There is one known subtlety that the SRI Testing harness doesn't currently code for the constraint that the ARA TRAPI call that uses test data of a given KP, ought to only ask that particular KP for its data (and not all of the rest of its KPs). The original design (coded by others, not the current development team) doesn't (yet) design for that TRAPI query subtlety.

I can imagine that if we somehow code the SRI Testing TRAPI calls to accommodate this subtlety and refine your above design of the multiple info.x-trapi.test_data_location configuration of multiple URL's - by instead providing an array of YAML object with KP infores and their urls, something like the example below, then your use case could be implemented in the manner you appear to be considering.

    test_data_location: 
      production:
        url:
        - infores: service-provider
          url: "https://raw.githubusercontent.com/NCATS-Tangerine/translator-api-registry/master/biothings_explorer/sri-test-service-provider.json"
        - infores: multiomics-provider
          url: "https://raw.githubusercontent.com/NCATS-Tangerine/translator-api-registry/master/biothings_explorer/sri-test-multiomics.json"
        - infores: text-mining-provider
          url: "https://raw.githubusercontent.com/NCATS-Tangerine/translator-api-registry/master/biothings_explorer/sri-test-text-mining.json"
RichardBruskiewich commented 1 year ago

I've adjusted Service Provider's registration. This is an example of providing multiple test-data files for 1 server url in a registration.

NCATS-Tangerine/translator-api-registry@c049662

    test_data_location: 
      production:
        url:
        - "https://raw.githubusercontent.com/NCATS-Tangerine/translator-api-registry/master/biothings_explorer/sri-test-service-provider.json"
        - "https://raw.githubusercontent.com/NCATS-Tangerine/translator-api-registry/master/biothings_explorer/sri-test-multiomics.json"
        - "https://raw.githubusercontent.com/NCATS-Tangerine/translator-api-registry/master/biothings_explorer/sri-test-text-mining.json"

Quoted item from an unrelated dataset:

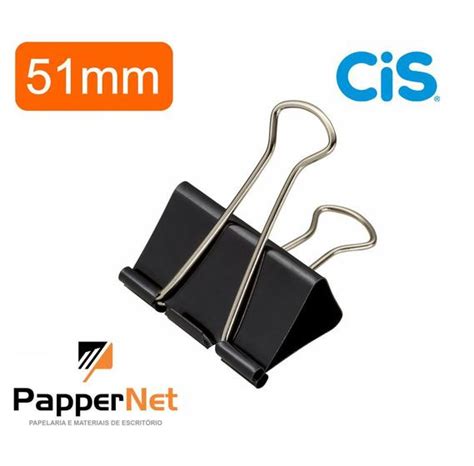 Prendedor De Papel Preto Cis Binder Cis Prendedor De Papel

@newgene, alas, the meaning of the above array of url strings, from an SRI Testing harness perspective, is completely undefined. What is the testing harness behaviour supposed to be here?

Also, should there also be examples for https://github.com/NCATSTranslator/translator_extensions/pull/19/files

newgene commented 1 year ago

@RichardBruskiewich I would expect the SRI Testing just run the test against each of these provided test_data files. Ideally, also report the errors and the corresponding test_data files. Hope this is not too much efforts on your testing backend.